There’s little to criticise this trio’s inclusion here (if you have the villain, you need the heroes), but a Koska Reeves minifigure could have really helped sell 75315 Imperial Light Cruiser as a better total package, or even an unmasked Din Djarin. At the same time, quality control on the printing for the Mandalorian’s helmet needs to improve. Imagine paying £150 for a set and getting a wonky Mando.
— Price —
Ultimately, the sense of value can be best demonstrated in the surprise we felt when lifting up 75315 Imperial Light Cruiser when complete – it’s far heavier than we anticipated. That surprise, though, is a negative reflection of the how really it does not seem like 1,336 pieces of LEGO have gone into the set. It has the appearance of a set with closer to 800 pieces. Lots of Technic pins on the inside, lots of large grey panels on the outside.
That is not to criticise the design at all, because it offers the right detail that it needs to, both on the exterior at one scale and in the interior at another. Likewise, it is a model that doesn’t need to be any bigger in size. There’s enough space and features inside to recreate all the story so far seen from The Mandalorian, while the outside sits at a perfect balance between size and detail on show.
But charging as high as £149.99 / $159.99 / €159.99 still feels disproportionate to the model that you are left with and, realistically, it may just be a consequence of the minifigures that are included – particularly the two that have required special one-off moulds to create.
— Pictures —
— Summary —
Price is where 75315 Imperial Light Cruiser comes unstuck. If this was between £100 and £120, there would be enough to the set and to the minifigure line-up to recommend it wholeheartedly. However, where we have praised LEGO Star Wars’ return to better value across the rest of its summer 2021 wave of releases, there is a clear imbalance between price and value in 75315 Imperial Light Cruiser and it feels like a carryover from the Sequel Trilogy approach.
Based on its merits as a LEGO set, there’s little to criticise 75315 Imperial Light Cruiser for, because it provides both an excellent rendition of a relatively new Imperial ship for the exterior and a spacious interpretation of a key story moment from The Mandalorian for the interior. The minifigures aren’t all perfect, but remain highly desirable and three of them are (infuriatingly) locked into this set.
In many ways, 75315 Imperial Light Cruiser is close to the limit of what it can be in functions, design and authenticity for the piece count and number of minifigures included. Unfortunately, the same cannot be said for the price, which stretches at least 30% beyond that same limit.
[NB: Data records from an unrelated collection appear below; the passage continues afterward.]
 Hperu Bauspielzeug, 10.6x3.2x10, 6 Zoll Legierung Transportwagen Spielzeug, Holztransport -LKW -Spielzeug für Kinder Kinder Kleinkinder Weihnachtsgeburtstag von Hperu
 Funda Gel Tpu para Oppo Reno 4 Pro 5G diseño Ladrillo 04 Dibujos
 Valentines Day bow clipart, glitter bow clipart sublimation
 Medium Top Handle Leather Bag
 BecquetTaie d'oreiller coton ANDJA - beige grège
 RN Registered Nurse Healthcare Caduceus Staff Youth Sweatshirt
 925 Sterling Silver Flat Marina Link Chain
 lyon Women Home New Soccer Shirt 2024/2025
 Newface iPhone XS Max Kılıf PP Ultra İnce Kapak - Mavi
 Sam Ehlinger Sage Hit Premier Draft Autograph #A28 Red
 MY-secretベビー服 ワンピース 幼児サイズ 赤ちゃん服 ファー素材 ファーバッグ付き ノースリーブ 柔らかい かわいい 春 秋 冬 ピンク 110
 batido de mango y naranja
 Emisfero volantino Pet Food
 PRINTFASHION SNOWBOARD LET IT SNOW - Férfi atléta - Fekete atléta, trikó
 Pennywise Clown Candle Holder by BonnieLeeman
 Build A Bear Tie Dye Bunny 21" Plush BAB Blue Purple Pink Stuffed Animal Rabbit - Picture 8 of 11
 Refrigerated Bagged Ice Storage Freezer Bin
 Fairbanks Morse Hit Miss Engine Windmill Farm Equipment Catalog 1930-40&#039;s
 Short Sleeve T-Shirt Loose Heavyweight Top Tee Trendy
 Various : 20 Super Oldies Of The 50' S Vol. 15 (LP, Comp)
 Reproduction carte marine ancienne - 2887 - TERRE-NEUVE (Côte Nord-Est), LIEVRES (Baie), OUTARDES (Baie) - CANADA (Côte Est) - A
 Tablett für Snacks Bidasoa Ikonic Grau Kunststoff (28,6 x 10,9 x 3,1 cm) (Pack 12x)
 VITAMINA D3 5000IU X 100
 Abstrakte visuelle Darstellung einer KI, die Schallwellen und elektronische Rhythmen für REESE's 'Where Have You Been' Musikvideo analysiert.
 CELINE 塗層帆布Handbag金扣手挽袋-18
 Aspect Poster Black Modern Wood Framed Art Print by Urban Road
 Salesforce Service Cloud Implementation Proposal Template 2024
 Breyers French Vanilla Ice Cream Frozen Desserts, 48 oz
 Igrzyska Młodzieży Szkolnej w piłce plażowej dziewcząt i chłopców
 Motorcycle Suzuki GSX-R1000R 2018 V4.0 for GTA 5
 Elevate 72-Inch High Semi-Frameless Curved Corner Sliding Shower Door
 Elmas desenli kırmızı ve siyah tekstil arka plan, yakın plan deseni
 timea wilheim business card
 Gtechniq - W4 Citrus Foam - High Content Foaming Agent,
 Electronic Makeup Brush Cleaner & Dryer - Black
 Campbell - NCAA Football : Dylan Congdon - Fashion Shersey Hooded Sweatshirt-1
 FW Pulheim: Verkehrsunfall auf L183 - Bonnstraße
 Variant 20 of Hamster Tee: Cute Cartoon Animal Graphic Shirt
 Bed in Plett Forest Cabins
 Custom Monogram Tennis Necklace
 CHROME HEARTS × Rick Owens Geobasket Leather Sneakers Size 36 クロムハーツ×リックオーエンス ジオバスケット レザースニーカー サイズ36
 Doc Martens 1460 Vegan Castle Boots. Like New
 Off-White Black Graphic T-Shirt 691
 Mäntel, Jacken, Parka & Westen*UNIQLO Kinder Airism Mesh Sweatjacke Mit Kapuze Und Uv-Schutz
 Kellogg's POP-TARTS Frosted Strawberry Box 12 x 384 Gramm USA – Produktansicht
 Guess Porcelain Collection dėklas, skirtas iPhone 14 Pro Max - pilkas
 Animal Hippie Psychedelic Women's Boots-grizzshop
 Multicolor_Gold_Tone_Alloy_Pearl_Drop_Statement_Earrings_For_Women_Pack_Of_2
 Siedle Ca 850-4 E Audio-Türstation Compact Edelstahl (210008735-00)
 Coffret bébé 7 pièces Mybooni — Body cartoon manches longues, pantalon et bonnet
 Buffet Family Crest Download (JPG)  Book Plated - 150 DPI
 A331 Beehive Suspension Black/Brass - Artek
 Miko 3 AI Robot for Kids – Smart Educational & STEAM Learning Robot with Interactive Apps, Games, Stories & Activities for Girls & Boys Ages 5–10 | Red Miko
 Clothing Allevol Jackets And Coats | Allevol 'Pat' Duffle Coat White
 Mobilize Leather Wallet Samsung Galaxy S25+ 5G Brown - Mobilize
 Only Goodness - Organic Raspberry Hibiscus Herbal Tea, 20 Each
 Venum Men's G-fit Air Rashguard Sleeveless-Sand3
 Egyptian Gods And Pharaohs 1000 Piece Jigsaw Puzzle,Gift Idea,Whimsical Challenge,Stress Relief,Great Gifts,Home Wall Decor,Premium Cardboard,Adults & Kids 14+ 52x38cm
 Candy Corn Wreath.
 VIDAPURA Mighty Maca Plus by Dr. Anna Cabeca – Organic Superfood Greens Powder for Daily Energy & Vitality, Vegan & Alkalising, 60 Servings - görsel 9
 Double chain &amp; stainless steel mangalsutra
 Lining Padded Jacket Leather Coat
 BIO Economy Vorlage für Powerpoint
Without that issue, this is a model that would sit comfortably in the summer 2021 range of LEGO Star Wars sets, but for how remarkable the rest of them all are in comparative value, 75315 Imperial Light Cruiser runs the risk of being overshadowed and overlooked.
This set was provided for review by the LEGO Group.
— FAQs —
How long does it take to build LEGO Star Wars 75315 Imperial Light Cruiser?
It will take between three and four hours to put together 75315 Imperial Light Cruiser, in a build spread across nine sets of numbered bags.
How many pieces are in LEGO Star Wars 75315 Imperial Light Cruiser?
There are 1,336 pieces in 75315 Imperial Light Cruiser, as well as one Baby Yoda and five minifigures including the Mandalorian, Cara Dune, Fennec Shand, Moff Gideon and a Dark Trooper.
How big is LEGO Star Wars 75315 Imperial Light Cruiser?
75315 Imperial Light Cruiser comes in at 58cm long, 23cm wide and 13cm tall. For its size, it is a compact and relatively heavy model, with the bridge of the ship also acting as a carry handle.